Exactly as they appear below, repeat the lines from the one with "Costa Rica Independence" through the one with "Exposition de Corine". Drop every picture.

**GIVEN INFORMATION**
= = = =
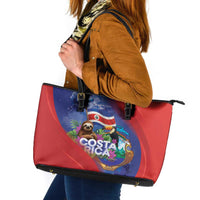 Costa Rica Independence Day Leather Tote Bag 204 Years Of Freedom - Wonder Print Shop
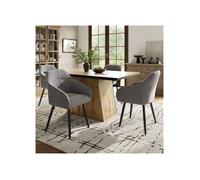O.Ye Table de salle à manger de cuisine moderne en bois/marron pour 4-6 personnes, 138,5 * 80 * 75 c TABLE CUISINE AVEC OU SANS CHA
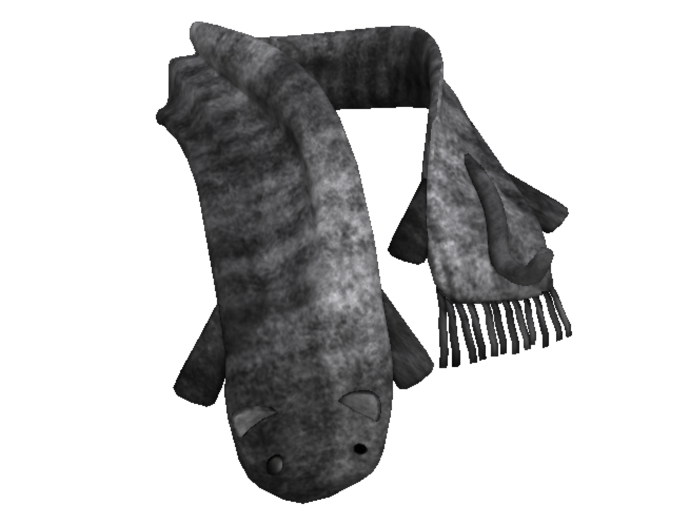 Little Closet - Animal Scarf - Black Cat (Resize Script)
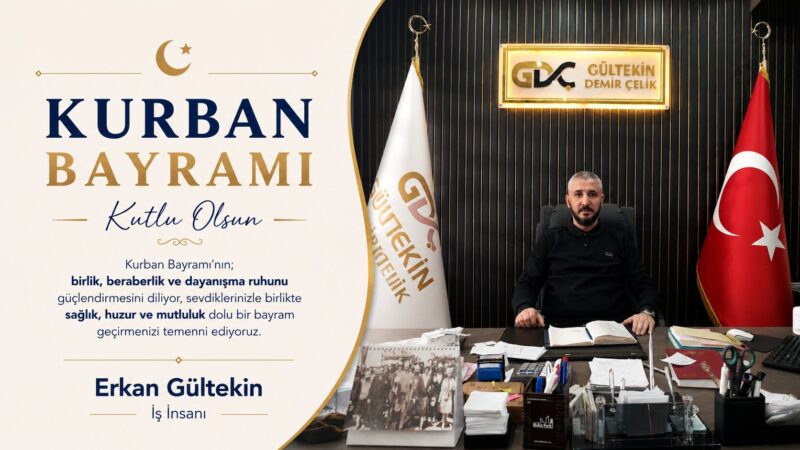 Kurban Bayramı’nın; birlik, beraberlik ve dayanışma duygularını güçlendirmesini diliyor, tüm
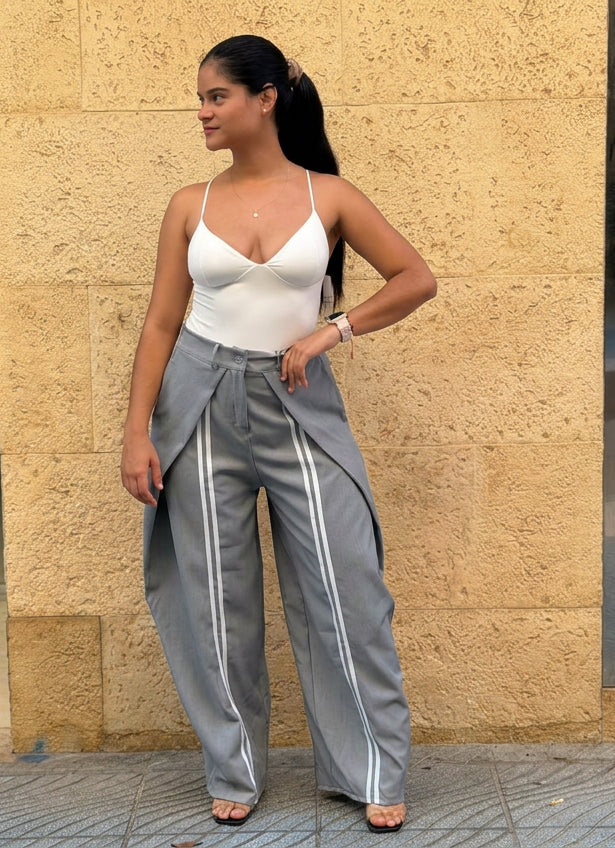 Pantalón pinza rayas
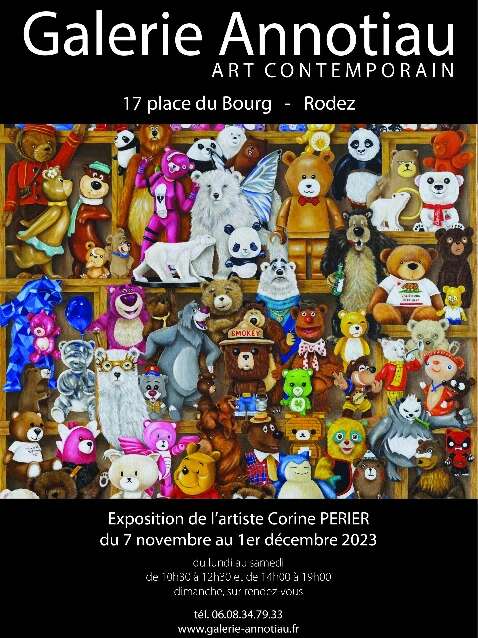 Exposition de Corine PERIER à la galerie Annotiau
= = = =
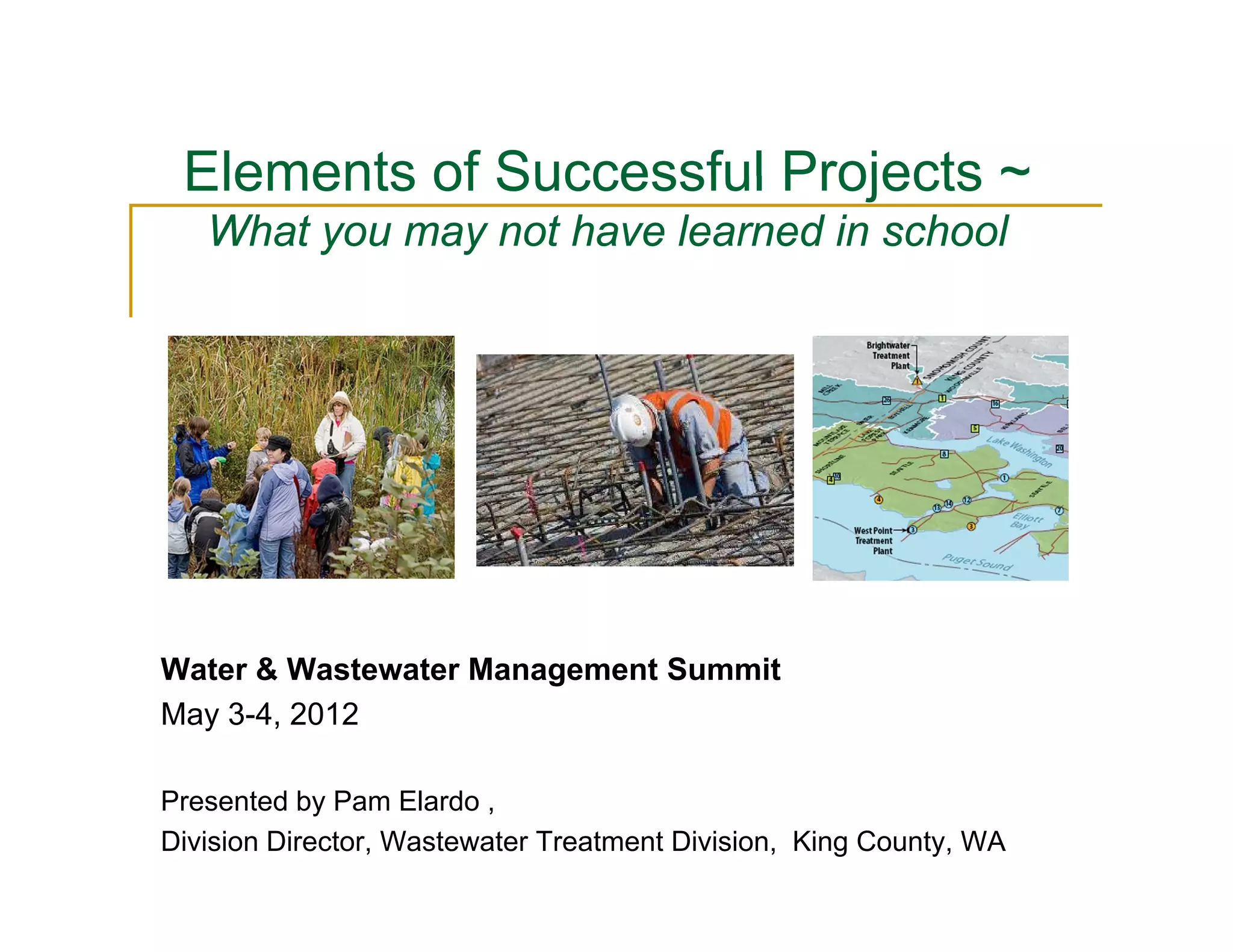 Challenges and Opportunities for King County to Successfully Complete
= = = =
**SOLUTION TO THIS TASK**
 Costa Rica Independence Day Leather Tote Bag 204 Years Of Freedom - Wonder Print Shop
O.Ye Table de salle à manger de cuisine moderne en bois/marron pour 4-6 personnes, 138,5 * 80 * 75 c TABLE CUISINE AVEC OU SANS CHA
 Little Closet - Animal Scarf - Black Cat (Resize Script)
 Kurban Bayramı’nın; birlik, beraberlik ve dayanışma duygularını güçlendirmesini diliyor, tüm
 Pantalón pinza rayas
 Exposition de Corine PERIER à la galerie Annotiau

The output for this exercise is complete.